■ **WHAT IS BEING ASKED**: Make an exact transcript of the lines in the data below, starting with the one containing "Living room with wood" and going on through the one containing "Three Learning Pod", with both included and the pictures left out.

■ **DATA SHOWN**:
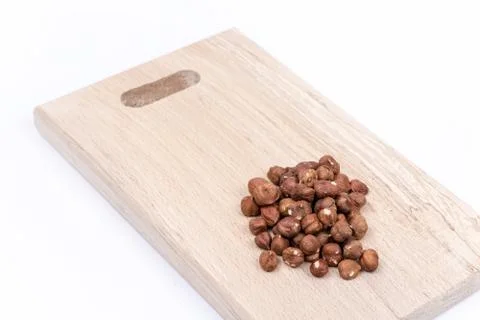 Bunch of hazelnut on the cutting board Stock Photos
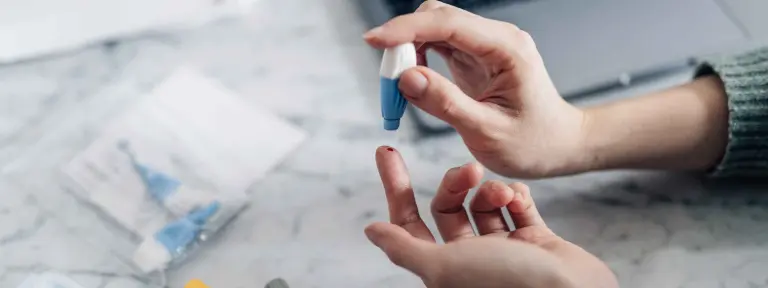 Frau sticht sich in Finger, um zuhause einen Bluttest zu machen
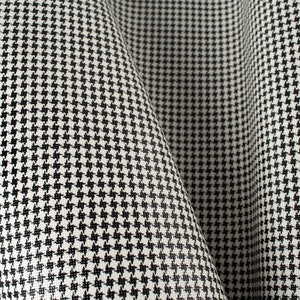 May include: Black and white houndstooth fabric with a textured surface.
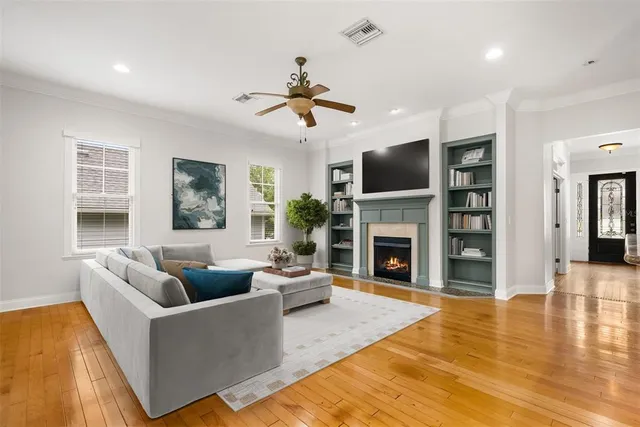 a living room with fireplace furniture and a fireplace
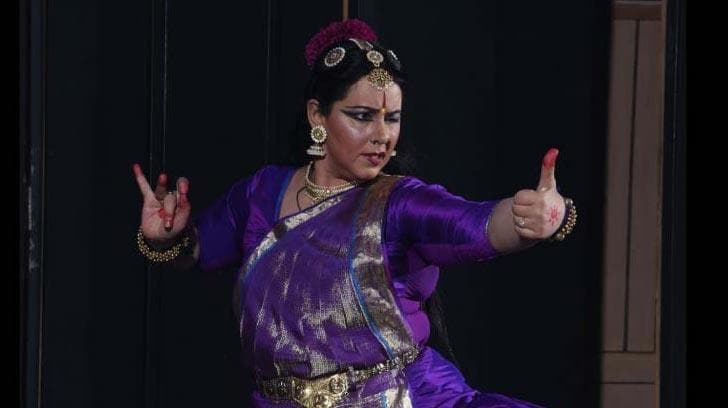 Dimple Kaur performing Aatm Rati in a purple costume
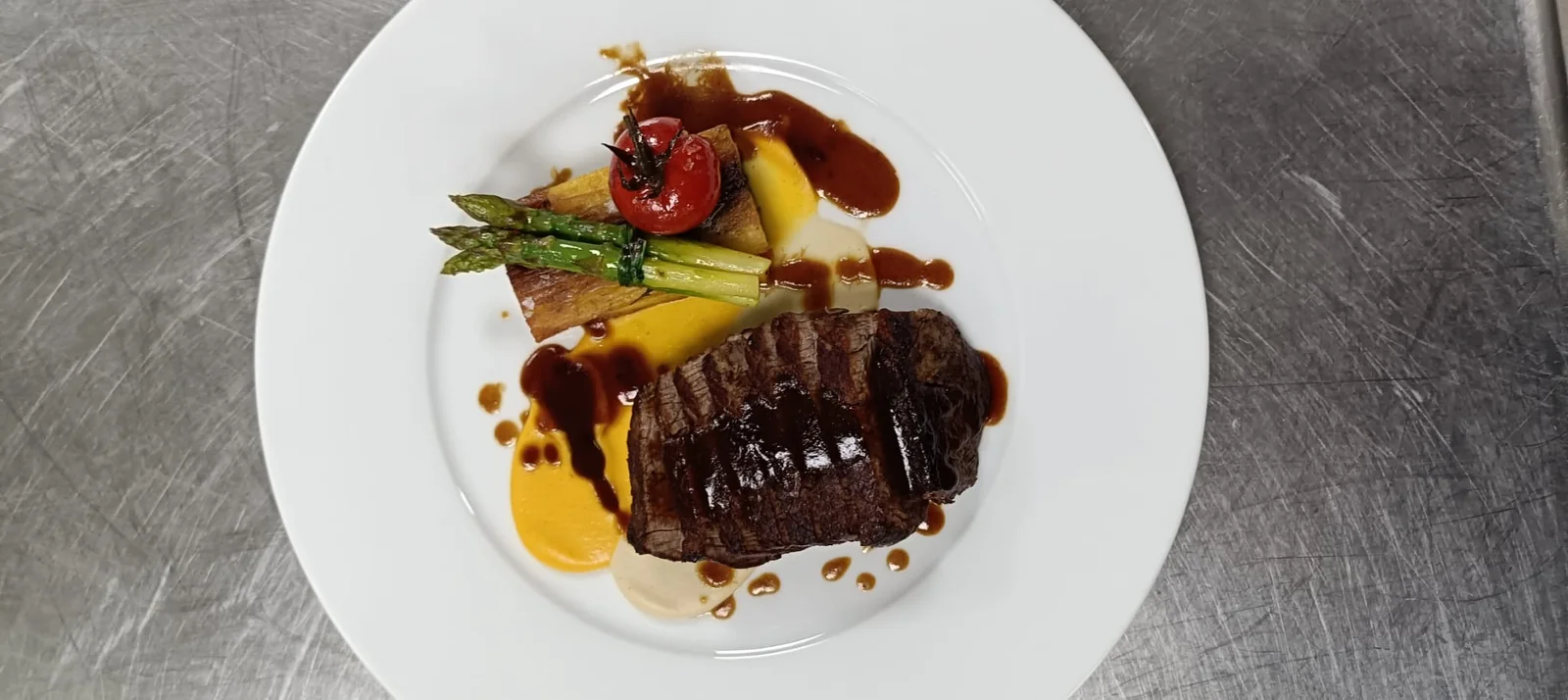 Tagliata di manzo glassata con asparagi, pomodorino confit e due creme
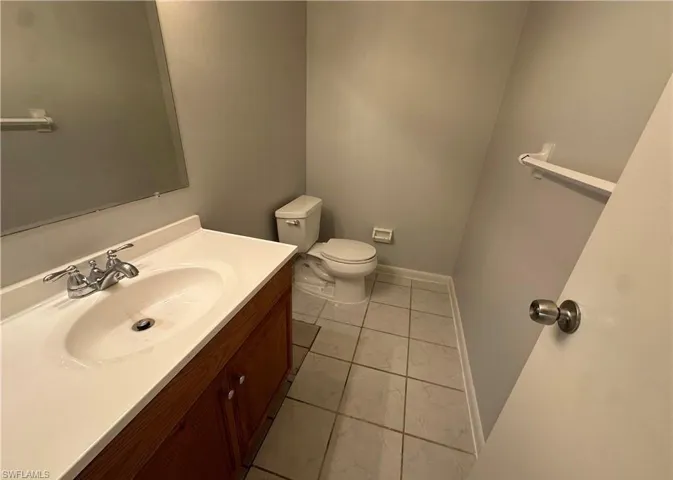 Half bathroom featuring vanity and light tile patterned floors
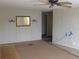 Living room with wood paneling and ceiling fan at 232 Trailorama Dr, North Port, FL 34287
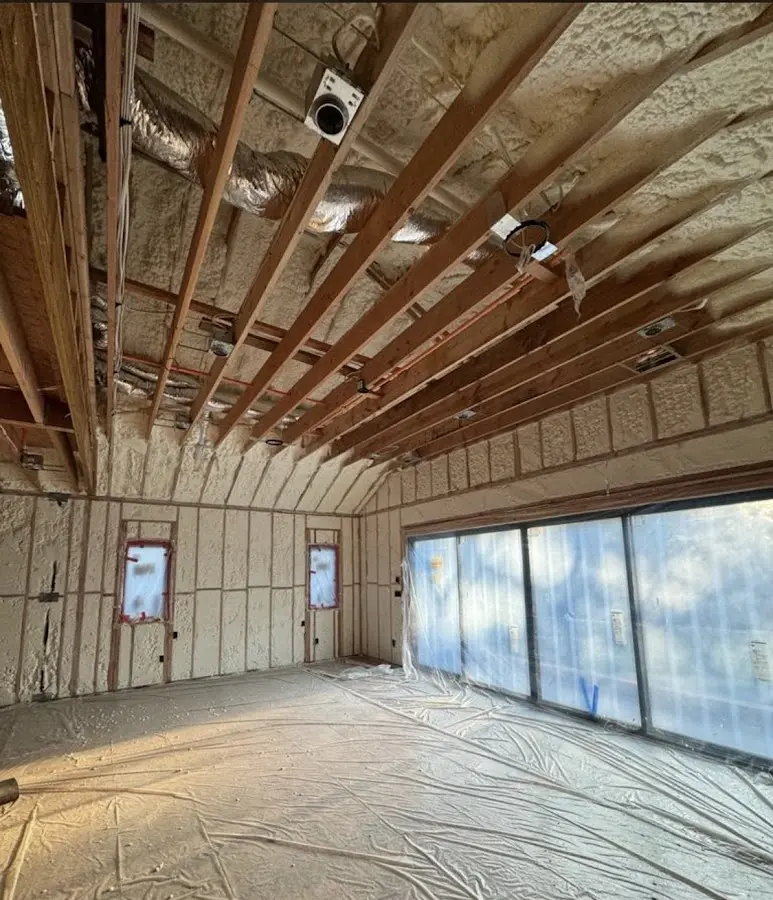 Interior walls and ceiling insulated with spray foam during new construction in Westlake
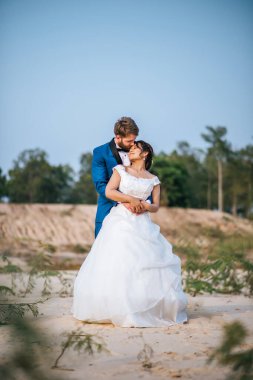 Asyalı gelin ve beyaz damat romantik zaman geçirir ve birlikte mutlu olurlar. 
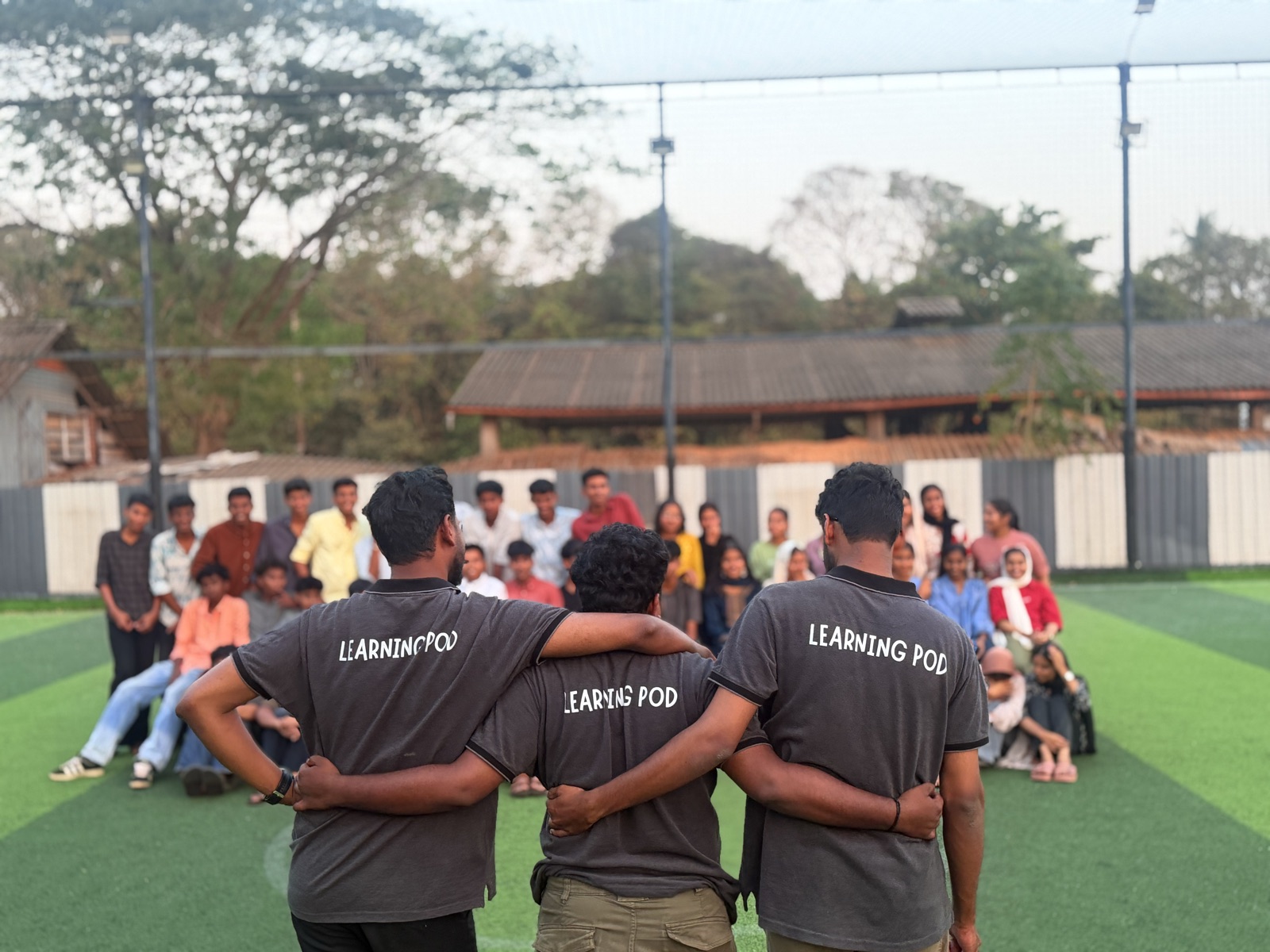 Three Learning Pod tutors arm-in-arm facing their seated students on the turf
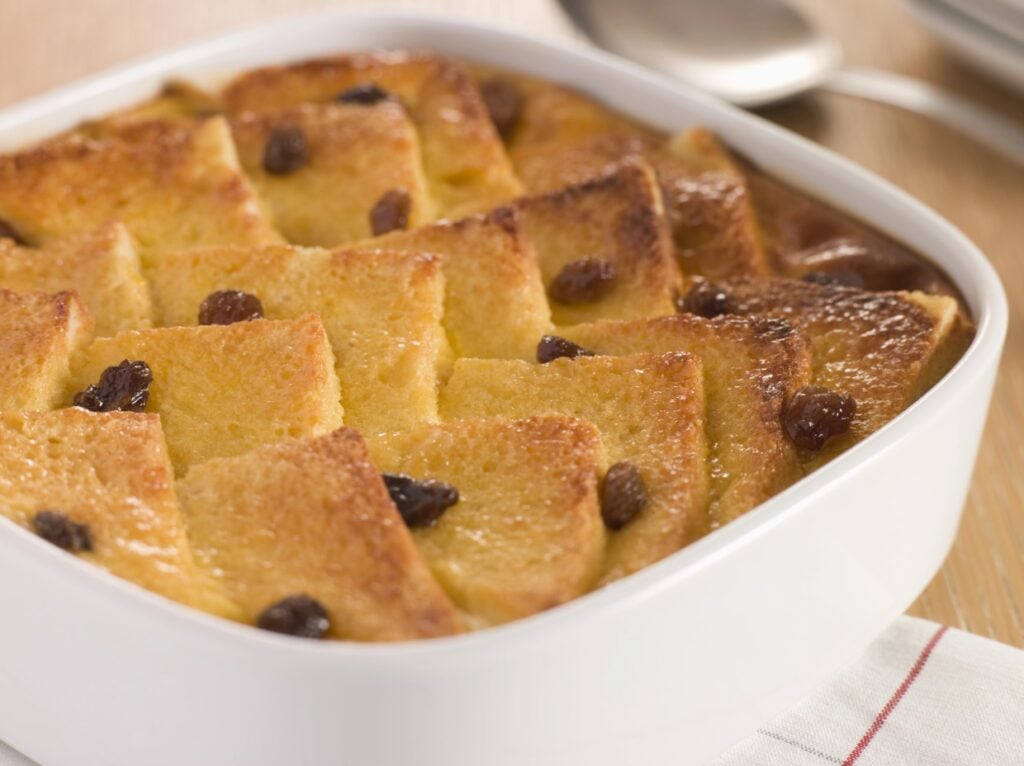 A freshly baked bread pudding in a white square dish, featuring golden-brown, neatly arranged slices topped with raisins. The dish rests on a wooden table, and a spoon is visible in the background.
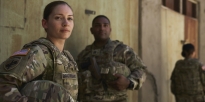 Soldiers standing outside.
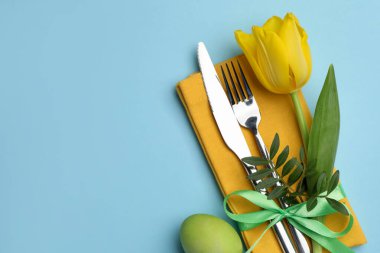 Paskalya kutlaması. Çiçek desenli ve açık mavi arka planda boyanmış yumurtalı şölen masası düzlüğü. Metin için boşluk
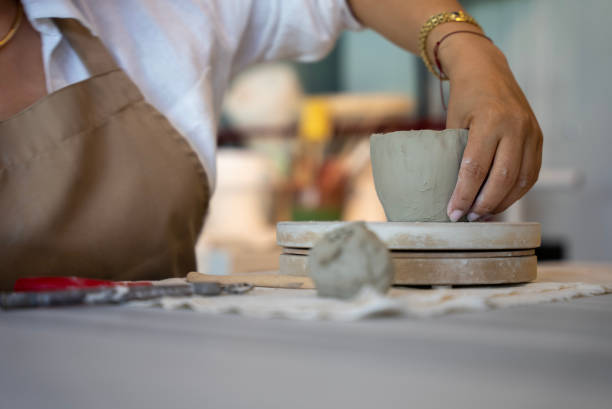 istock process of shaping ceramic clay into a mug at handmade ceramic workshop, shaping ceramics in the ceramics workshop 1594649023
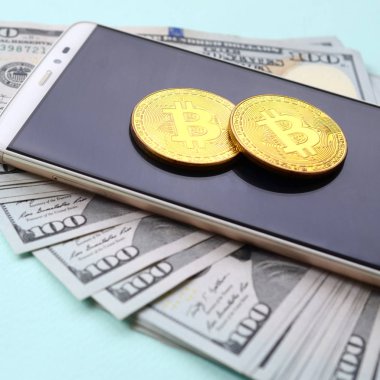 Bir akıllı telefon ve açık mavi arka planı üzerinde yüz dolar faturaları üzerinde Bitcoins yalan.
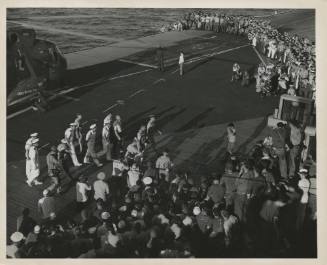 Black and white photograph of astronaut Scott Carpenter walking across USS Intrepid's flight de…
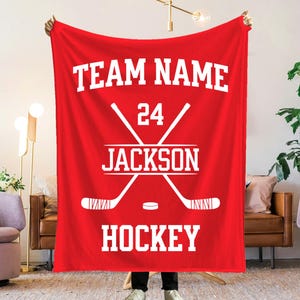 May include: A bright red rectangular fleece blanket featuring white printed text and graphics. The design includes the words TEAM NAME, JACKSON, and HOCKEY, along with a large graphic of two crossed hockey sticks, a puck, and the number 24.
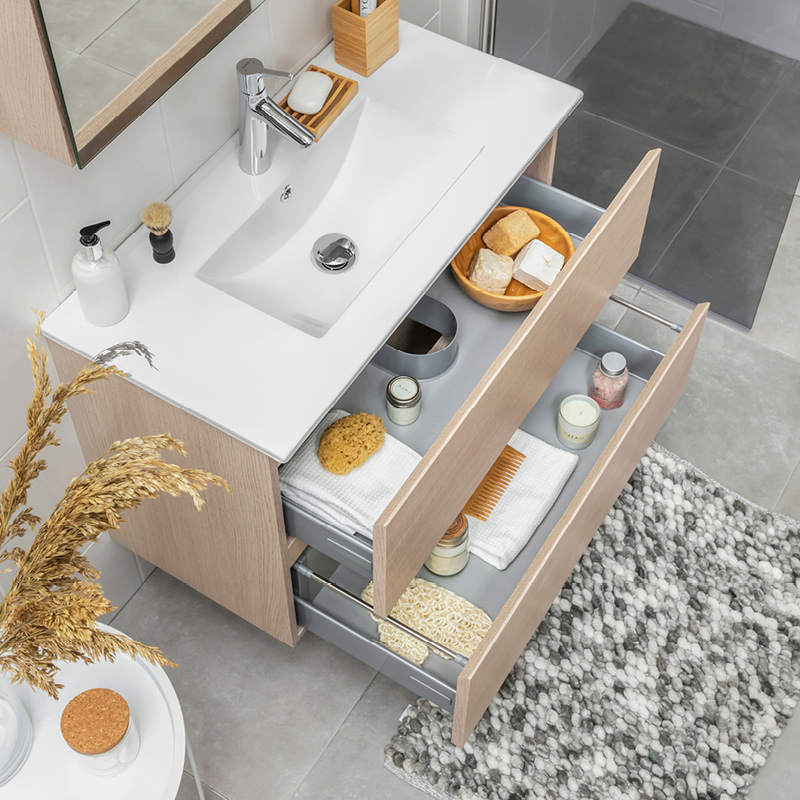 Valkoinen allas vaaleassa puukaapissa, avoimet laatikot pyyhkeitä ja pesuvälineitä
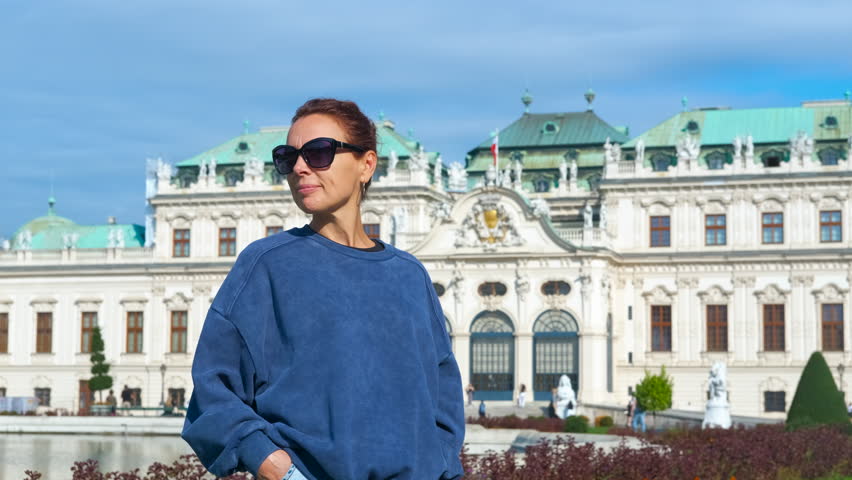 Tourist admiring belvedere palace in vienna. Young woman tourist wearing sunglasses and casual clothes looking at upper belvedere palace, vienna, austria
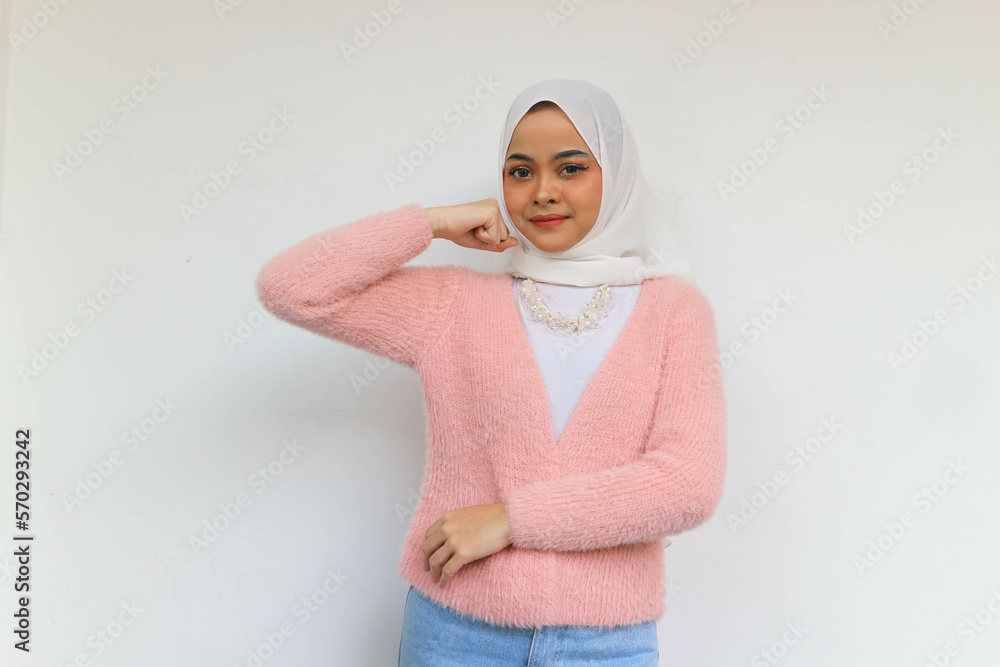 Fototapeta premium Beautiful smiling asian young hijab woman wearing pink blazer, look confident looking at camera while showing the bicep muscle. Isolated on white background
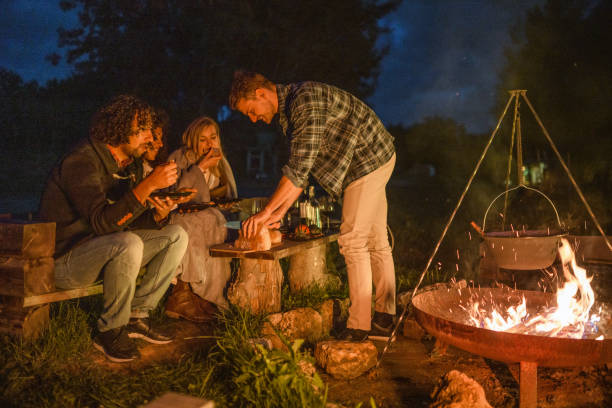 istock Mixed Race Friends Camping Together In Nature 1400047743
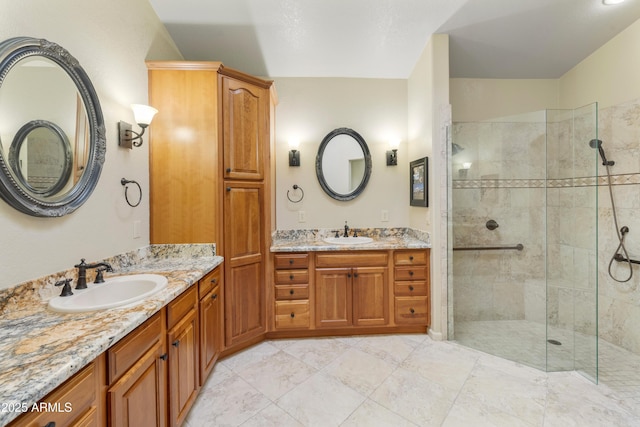 bathroom with vanity and a tile shower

■ **WRITTEN ANSWER**:
 Living room with wood paneling and ceiling fan at 232 Trailorama Dr, North Port, FL 34287
 Interior walls and ceiling insulated with spray foam during new construction in Westlake
 Asyalı gelin ve beyaz damat romantik zaman geçirir ve birlikte mutlu olurlar. 
 Three Learning Pod tutors arm-in-arm facing their seated students on the turf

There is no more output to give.